El sabor, los aromas y los colores del mole negro de Tlaxiaco, el picadillo y la sopa rellena fueron los protagonistas del Primer Festival del Mole Negro y Picadillo, celebrado el pasado sábado en esta ciudad de la región Mixteca.
El evento reunió a 20 legendarias cocineras tradicionales, herederas de la mística culinaria de esta zona, quienes preservan la elaboración de platillos que acompañan tanto los momentos festivos como los rituales más solemnes de la vida comunitaria.
El mole, símbolo de la gastronomía oaxaqueña, es parte esencial de celebraciones como bodas, bautizos, mayordomías, calendas y fiestas patronales, pero también está presente en los funerales, donde se comparte como muestra de cariño y respeto.

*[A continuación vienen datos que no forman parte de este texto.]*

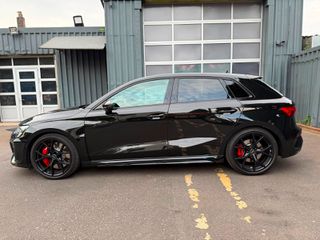 Audi RS3 2024 SPORTBACK-thumb-3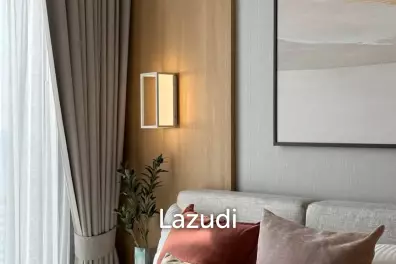 30 sqm high-floor 1 bedroom condo at Life Asoke Hype Makkasan Bangkok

Entre las cocineras reconocidas se encuentran Zoila Palacios, Minerva Chávez, Rosa Fátima Murcio, María Roberta Pérez Hernández y Karina Santiago Pérez, quienes fueron homenajeadas por su talento y su papel en la preservación del legado gastronómico de Tlaxiaco. Con manos expertas, dieron vida a una auténtica explosión de sabores que evocan la memoria, las raíces y la unión familiar.
La presidenta del DIF Municipal, Ixchel Ornelas, promotora de la cocina oaxaqueña y de la Mixteca, destacó que este primer festival representa un homenaje a las cocineras tradicionales, por su contribución a la historia de los pueblos “desde el sabor y la cocina”.
Como parte de las actividades, se realizó el Primer Coloquio Culinario, con la participación de reconocidos especialistas como Alejandro Ruiz, chef promotor de la gastronomía oaxaqueña; Ricardo Bonilla Cazarín, gastrónomo e historiador, e Ignacio Gómez Arreola, documentador del patrimonio cultural intangible de México. Los ponentes coincidieron en la importancia de rescatar, difundir y valorar la grandeza culinaria de la Mixteca y de Oaxaca.
Durante el festival, los asistentes pudieron disfrutar más de 40 platillos tradicionales, entre ellos flautas en mole, asaduras, chiles rellenos, cemitas, sopas rellenas y una amplia variedad de bebidas locales y mezcales artesanales. Todo ello enmarcado por la música, las calendas y el ambiente festivo en la Plaza de la Constitución.
El presidente municipal, Jorge Octavio Hernández, agradeció a las familias y cocineras por su participación y destacó que “la fiesta en Tlaxiaco se vive y se disfruta de muchas formas, y la cocina es uno de los ingredientes más importantes de nuestra identidad”.
Entre los visitantes, Elizabeth Rodríguez Ayala expresó su entusiasmo por la calidez del evento: “Todo fue delicioso, en cada bocado se siente el amor de las cocineras. Las calendas, la música y la alegría de la gente hacen que valga la pena venir a Tlaxiaco. Ojalá más regiones del país conozcan y apoyen esta feria del mole”.
Finalmente, las autoridades locales confirmaron que el Festival del Mole Negro y Picadillo se consolidará como una tradición anual en Tlaxiaco, con el propósito de rendir homenaje permanente a las mujeres de la cocina mixteca.